— Your assignment —
Your output should be everything below from the line containing "Смешные пустышки для" down to the line containing "Juan Gabriel junto", both ends included, copied exactly, with pictures left out.

— Given records —
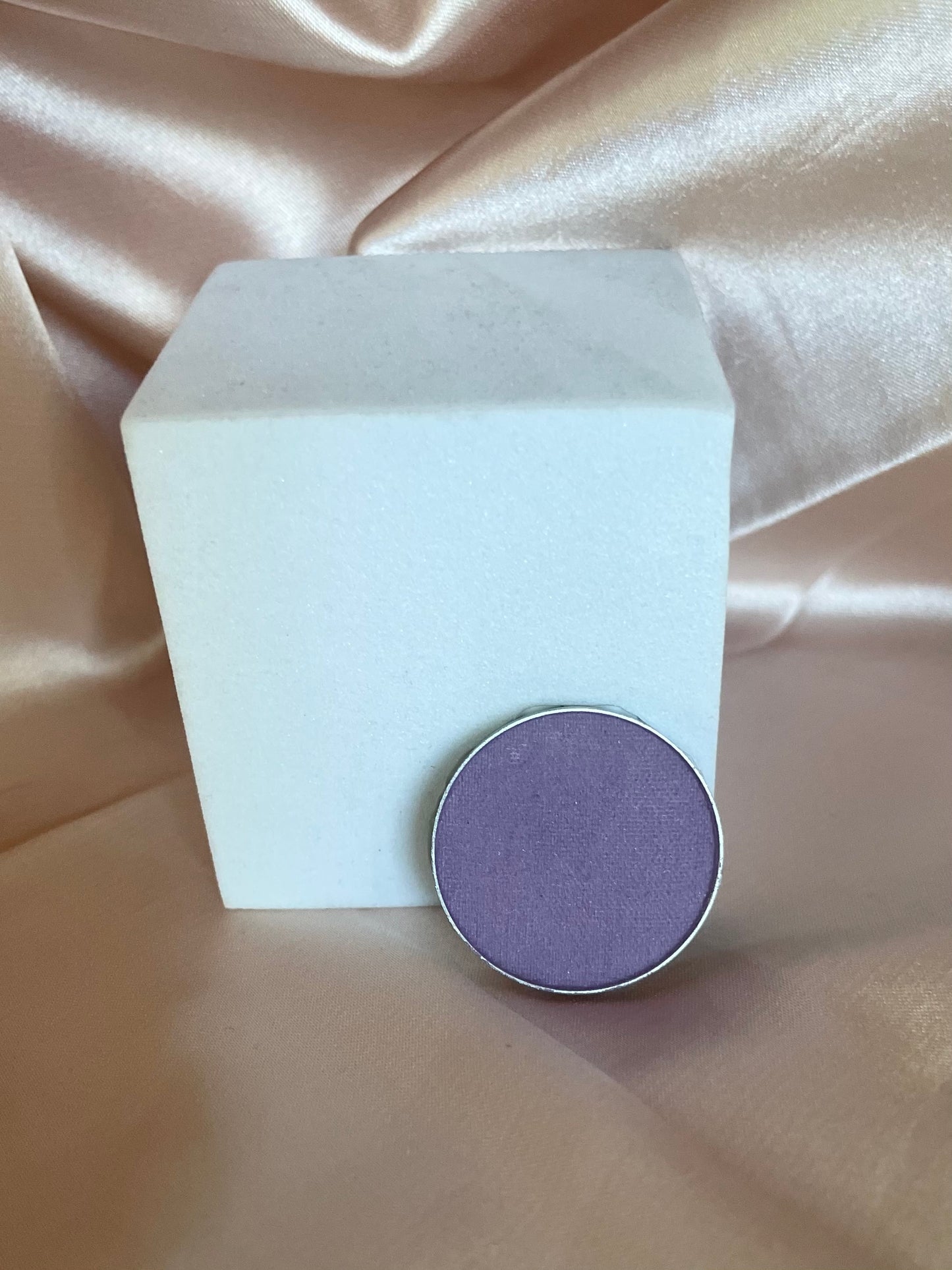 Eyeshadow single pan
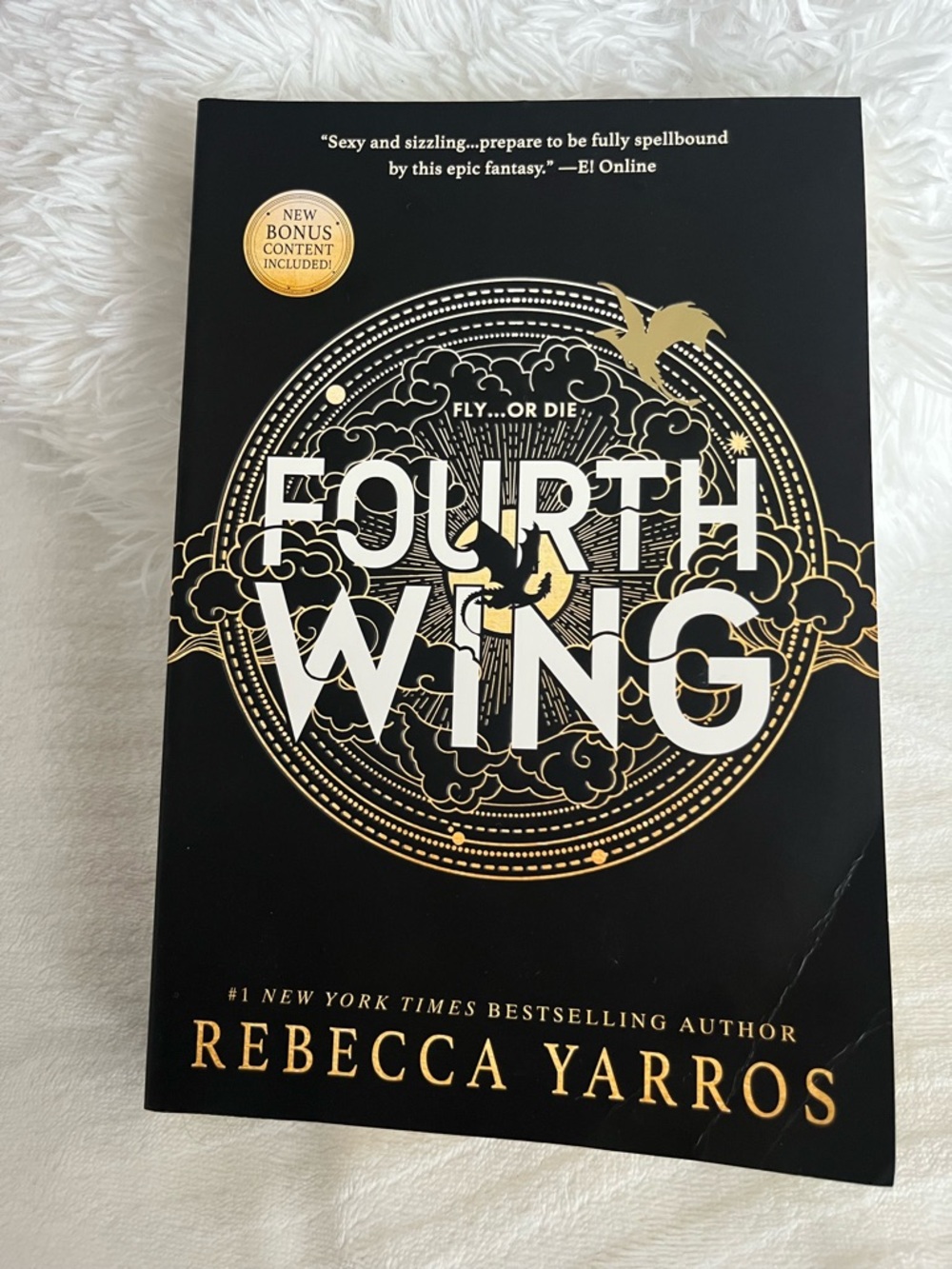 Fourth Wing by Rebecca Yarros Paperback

--

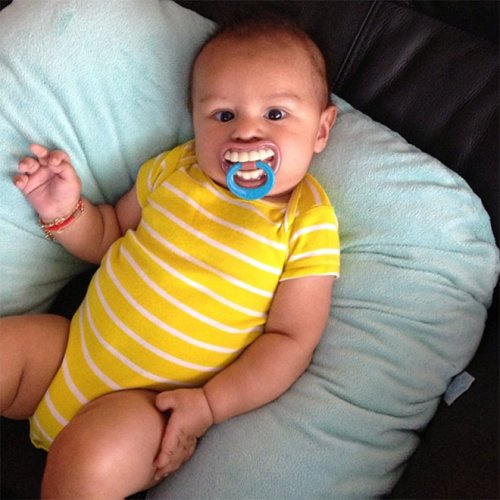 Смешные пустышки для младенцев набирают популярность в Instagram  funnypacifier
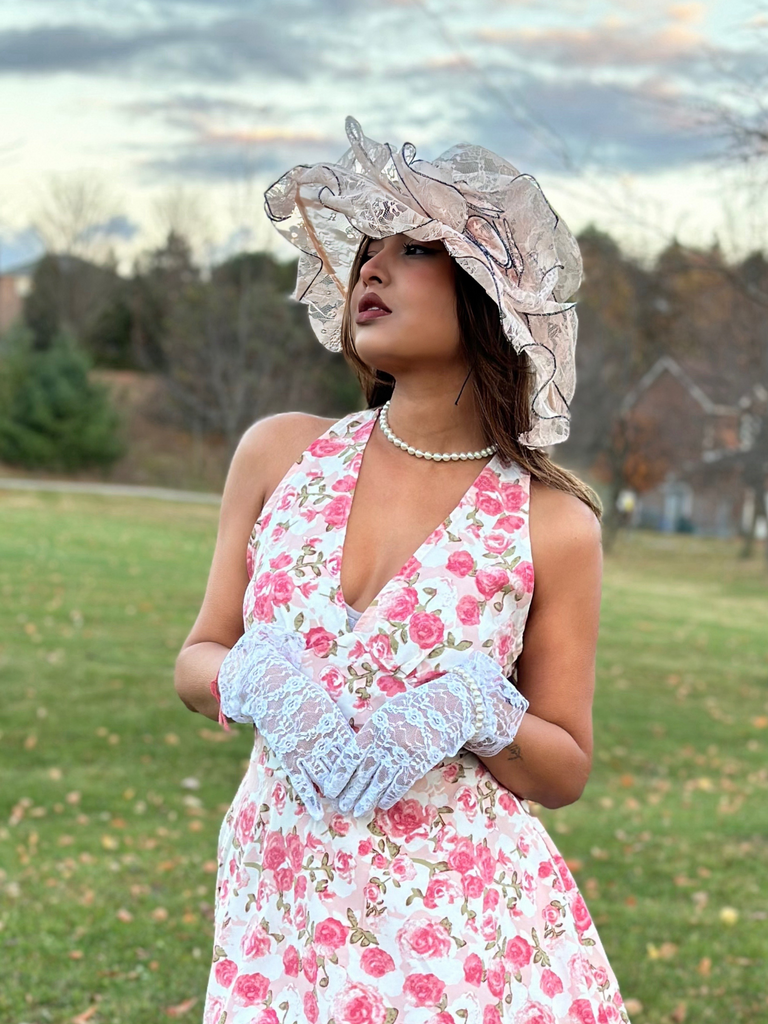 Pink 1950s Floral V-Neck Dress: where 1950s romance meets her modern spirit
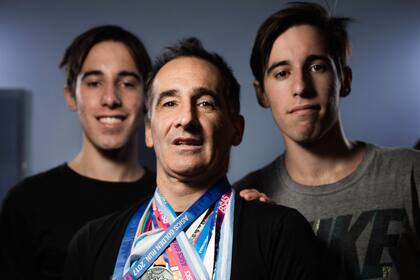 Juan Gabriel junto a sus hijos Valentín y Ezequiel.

* * *

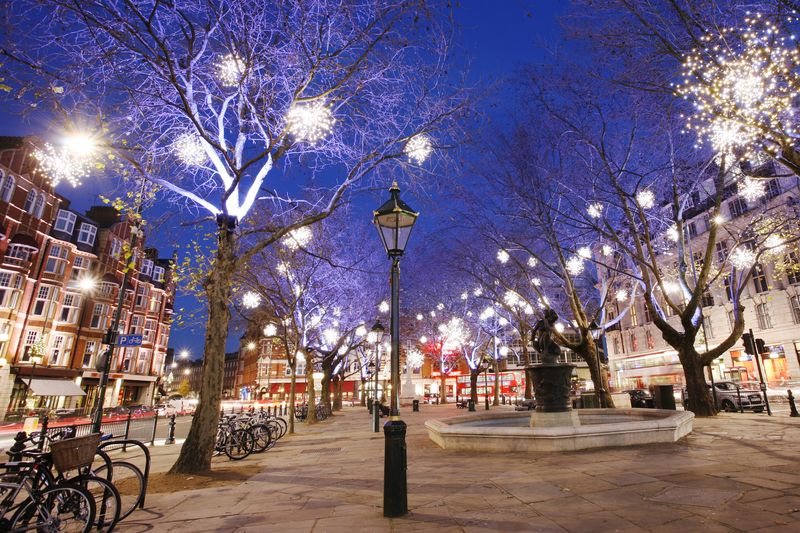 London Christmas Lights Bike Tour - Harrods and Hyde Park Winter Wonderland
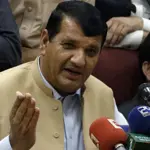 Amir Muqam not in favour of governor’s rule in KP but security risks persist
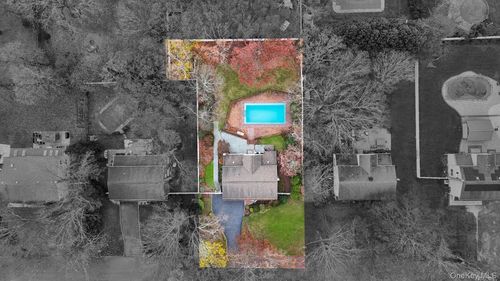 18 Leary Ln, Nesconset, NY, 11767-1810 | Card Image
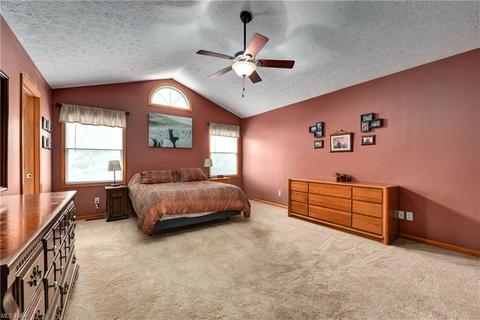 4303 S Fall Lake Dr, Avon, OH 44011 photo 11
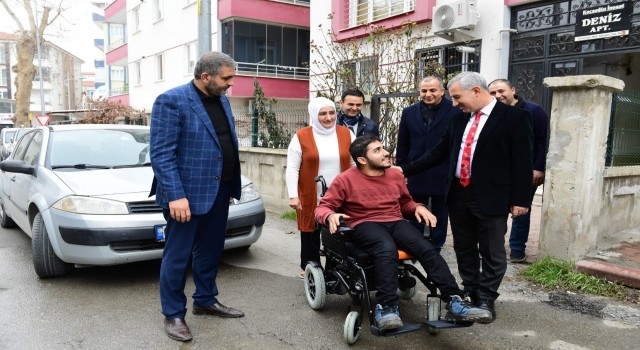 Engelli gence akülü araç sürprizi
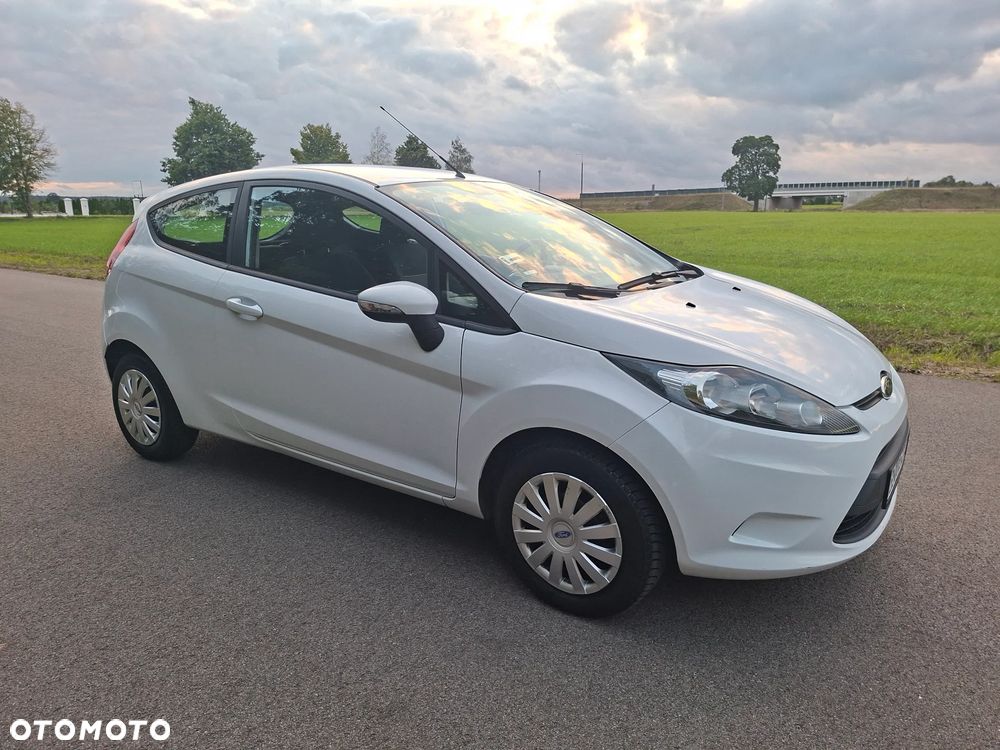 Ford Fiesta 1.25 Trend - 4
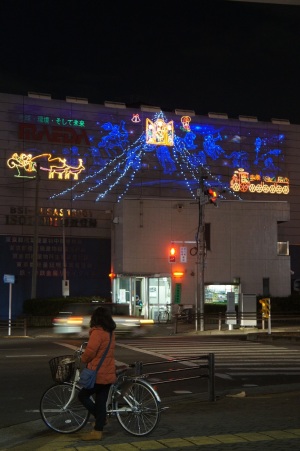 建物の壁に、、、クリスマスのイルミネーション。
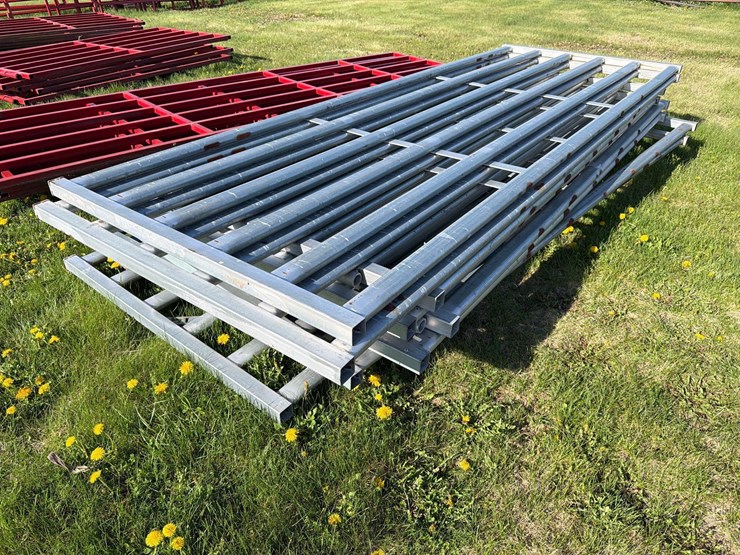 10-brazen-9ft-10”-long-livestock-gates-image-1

— Response box —
 Смешные пустышки для младенцев набирают популярность в Instagram  funnypacifier
 Pink 1950s Floral V-Neck Dress: where 1950s romance meets her modern spirit
 Juan Gabriel junto a sus hijos Valentín y Ezequiel.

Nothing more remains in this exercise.